Strange text formatting
The first minor hurdle came with the formatting of some of the text on the page. Instead of using raw CSS for positioning, page used tabs and newlines for some of their text positioning. This resulted in output like this (in this case, artists):
\n\t\t\t\t\t\t\t\n\t\t\t\t\t\t\t\tJohn Buscema\t\t\t\t\t\t\t\n\t\t\t\t\t\t\n\t\t\t\t\t\t\t\n\t\t\t\t\t\t\t\tKim DeMulder\t\t\t\t\t\t\
t\n\t\t\t\t\t\t\n\t\t\t\t\t\t\t\n\t\t\t\t\t\t\t\tDavid Mazzucchelli\t\t\t\t\t\t\t\n\t\t\t\t\t\t\n\t\t\t\t\t\t\t\n\t\t\t\t\t\t\t\tGerry Ta
loc\t\t\t\t\t\t\t\n\t\t\t\t\t\t
Obviously, that’s no good for a program that’s designed to be human readable. I needed to remove these non-characters, and I also wanted a format that would differentiate names, no matter how many different contributors had worked on a specific book. I ended up using the following line:
issue_hash[:artist] = page.css("h2[title='Art by']").text.gsub("\n\t\t\t\t\t\t\n\t\t\t\t\t\t\t\n", ", ").gsub("\t", "").gsub("\n", "").split.join(" ")

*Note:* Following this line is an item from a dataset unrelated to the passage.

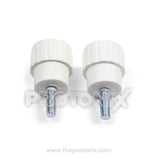 White adjustable legs for refrigerator with strong base and smooth finish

Essentially, what we do here is find a very specific string that Comixology uses to achieve newlines and position between contributors and replace it with a comma and a space. Then, we find every other tab and newline and remove them outright. Finally, we split the string on space characters and then rejoin. We do this cleanse our strings of repeated spaces, since some strings within the Comixology site use long strings of spaces for positioning. This may seem like a roundabout method of achieving this (versus something like .squeeze), but as it turns out, this is one of the most efficient methods for small strings.
Foreign characters in URLs
The next foible had to do with URL parsing. Scraping Comixology’s main site was working just fine, but I found the app failing when attempting to drill down into some of the issues on the site. Upon further investigation, I found these issues were in foreign languages (French, Italian, etc) and the URLs referring specifically to them included non-unicode characters. These charcaters are not supported by Ruby’s URI implementation.
To deal with this issue, I chose to implement the Addressable gem. Addressable provides many functions for dealing with URIs more robustly than Ruby can natively, but in this case what I wanted was the ability to normalize my path, replacing the foreign characters with their percent-encoded equivalent. See below:
issue_uri = Addressable::URI.parse(issue_url)
parse_path = "https://www.comixology.com/" + issue_uri.normalized_path
page = Nokogiri::HTML(open(parse_path))
###Future plans
The Comixology New Release Extractor is now at a point where I feel comfortable submitting it as a project. However, I would not feel comfortable submitting it to the general public or attempting to publish it as a gem. There are a few changes that need to be made before that can be considered.
Formatting and pagination
Right now, user output is pretty good, if ascetic, at the single issue level. But the full list level is a different story. In its current format, the list option returns 188 issues, at one per line. That’s a lot for a user to scroll through in a terminal window. I tried Pager, but it wasn’t very user friendly. One option might be to use Command Line Reporter, but another possibility would be to split the lines up via nested arrays and build the paging in myself.
I’d also like to begin extracting the release dates and optionally grouping comic releases beneath them, since the new release page displays releases from multiple dates.
Reading ALL comic releases
Comixology’s release page pages out the releases at a maximum of 12 per date. I believe we could read all of the pages from each date by reading the hrefs of the buttons and then checking the CSS of the page they lead to, but that will be both network intensive (slow) and involved to implement.
Making the app into a usable gem
Once all the above are completed, I’ll consider this a possibility.
Summation
Creating this app has definitely been a learning experience. Some things that I thought would be difficult (CSS selectors) ended up being very simple. Other things that I expected to be trivial (output format) turned out to be major issues. I look forward to my instructor code review and my continued improvement on this project.